The 2-year overall survival in the intent-to-treat (ITT) analysis, with a mean observation time of 2.1 years, was 0.75 ± 0.04 for chemo-conditioning versus 0.91 ± 0.02 for total body irradiation/etoposide (ITT P < .001).
The ITT analysis showed relapses were significantly higher in the chemo-conditioning group (2-year cumulative incidence of relapse [CIR], 0.33) compared with the total body irradiation group (CIR, 0.12; P < .001).
The 2-year event-free survival (EFS) rate was also significantly higher in the total body irradiation group (0.86 vs 0.58; P < .001), and transplant-related mortality over 2 years was lower with total body irradiation (0.02 vs 0.09; P = .02).
A per-protocol analysis showed the 2-year overall survival to be the same in the two chemotherapy groups (both 0.77 ± 0.05) compared with 0.91 ± 0.02 in the total body irradiation group (P = .003).
“In this cohort [the 91% overall survival rate] may even be lower than contemporary intensive frontline therapy results that are achieved nowadays,” Dr.
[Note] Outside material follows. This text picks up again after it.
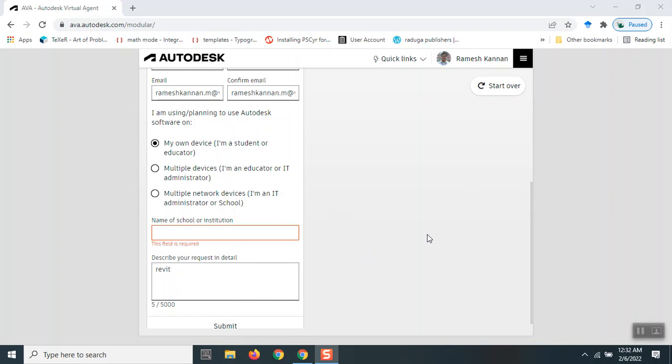The page asks whether you're from an academic institution or non-academic. Generally, it categorizes everything as business other than academic. You can specify your category and start downloading from there. This is how you download Revit from the Autodesk Virtual Agent.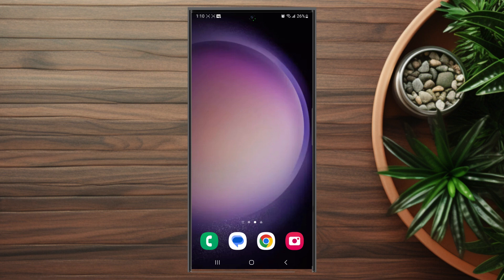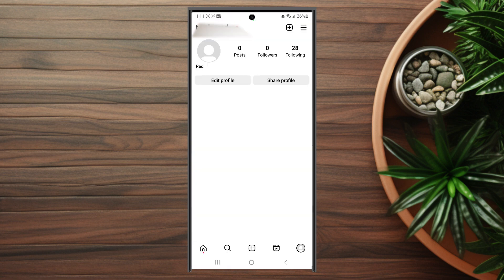So if you want to switch your Instagram account to a private account on the S23, it's pretty easy to do. First, open up Instagram and then hit your profile at the bottom right of the screen.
Peters said.
In looking at subgroups, there were no significant differences according to age group or cancer phenotype, while MLL rearrangement was associated with higher relapse incidence.
Remission status was found to notably influence EFS, dropping from 0.91 in CR1 patients with total body irradiation to 0.76 in CR2 patients. However, total body irradiation remained significantly higher compared with the chemo-conditioning groups in CR1 (P = .004) and CR2 (P < .001).
Transplant-related mortality was not significantly different between the total body irradiation and chemo-conditioning groups in the CR1 or CR2 groups (P = .09 and P = .18, respectively), despite the significant difference when remission status was not included.
Overall, “we tried to identify subgroups in which total body irradiation might be eliminated, however in all analyses, total body irradiation was better than chemo-conditioning in all arms,” Dr. Peters said.
Meanwhile, the findings underscore that even when patients cannot receive total body irradiation, the alternative chemo-conditioning therapy in fact shows favorable efficacy on its own, Dr. Izraeli said.
“The prognosis of the chemotherapy group is also quite remarkably good, although less than the total body irradiation arm. This means that if for some reason total body irradiation cannot be given, the chemotherapy is a very reasonable alternative.”
Dr. Peters has reported relationships with Amgen, Novartis, Pfizer, Medac, Jazz, and Neovii. Dr. Izraeli has reported no relevant financial relationships.